Le bilan de l'attaque d'un village reculé de l'État de Yobe, dans le nord-est du Nigeria, par le groupe islamiste Boko Haram s'est alourdi: 160 personnes sont mortes, ont déclaré des habitants mercredi, un chiffre contesté par les autorités.

Des habitants du village de Kukuwa-Gari, dans l'État de Yobe, ont déclaré que plus de 160 personnes sont mortes noyées ou ont été abattues alors qu'elles fuyaient l'attaque de dizaines de membres de Boko Haram, arrivés sur des motos et dans une voiture jeudi dernier.

Les autorités contestent cependant ce bilan : selon un responsable local, l'attaque n'aurait fait que 50 victimes, alors que le porte-parole des forces armées, le colonel Sani Kukasheka Usman, semble suggérer que l'attaque n'a pas eu lieu du tout.
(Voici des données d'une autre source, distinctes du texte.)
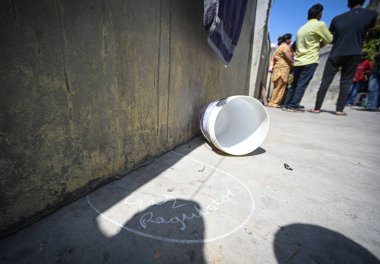 Doğu Punjabi 'nin Manohar Park bölgesinde 31 Mart 2025' te Hindistan 'ın Yeni Delhi kentinde çıkan yangında iki çocuğun yanarak öldüğü yer..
«Les histoires qui font le tour des médias sur le supposé massacre et la noyade de plus de 100 civils ... ne sont pas fondées», a-t-il déclaré dans un communiqué mercredi, qui ne précise pas si l'armée s'est rendue sur les lieux ou a parlé à des habitants du village. Les tentatives de l'AFP pour contacter l'armée n'ont pas abouti.

Le bilan des morts à Kukuwa-Gari établi par les villageois, s'il était confirmé, serait le plus lourd pour une seule attaque de Boko Haram depuis l'investiture le 29 mai du président Muhammadu Buhari, qui a érigé en priorité la lutte contre les islamistes.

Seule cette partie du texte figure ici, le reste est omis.